◆ **Work required**: Transcribe the data as written, minus images.

◆ **Stored data**:
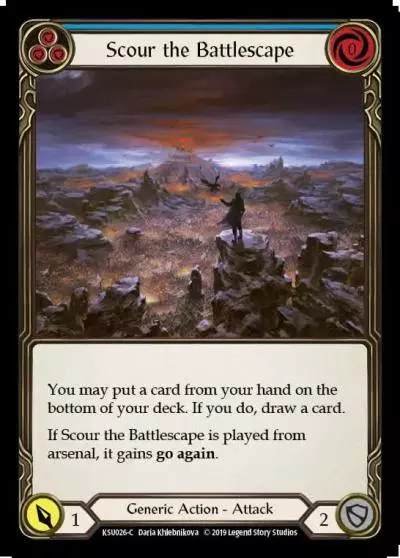 Scour the Battlescape BLUE KSU026 - Katsu, the Wanderer - Hero Deck - Flesh and blood card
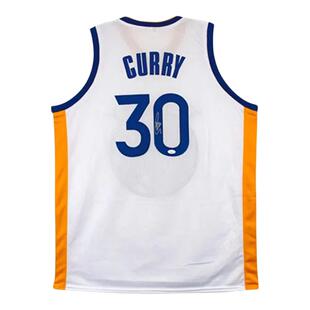 库里 亲笔签名 勇士队白色职业风格球衣 JSA权威认证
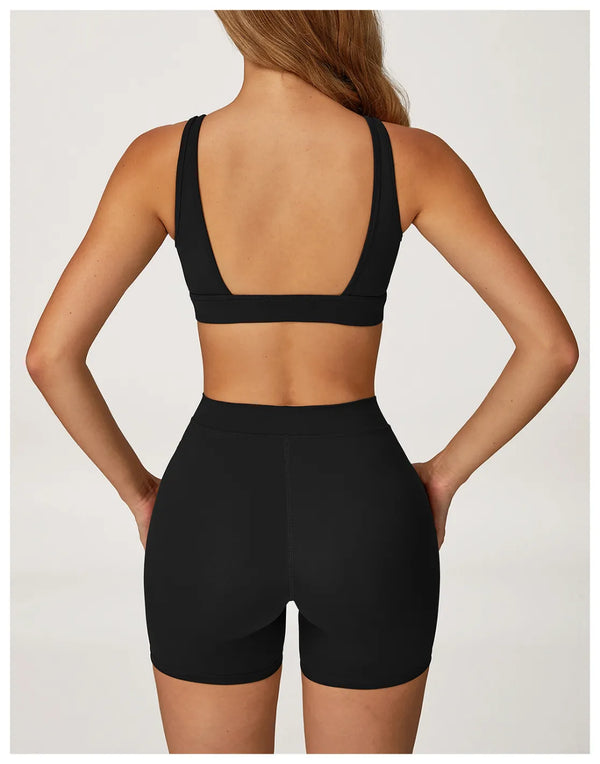 SPARK Deep V Shaped Quick-drying Yoga Fitness Bra ZC4507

◆ **Exercise response**:
 Scour the Battlescape BLUE KSU026 - Katsu, the Wanderer - Hero Deck - Flesh and blood card
 库里 亲笔签名 勇士队白色职业风格球衣 JSA权威认证
 SPARK Deep V Shaped Quick-drying Yoga Fitness Bra ZC4507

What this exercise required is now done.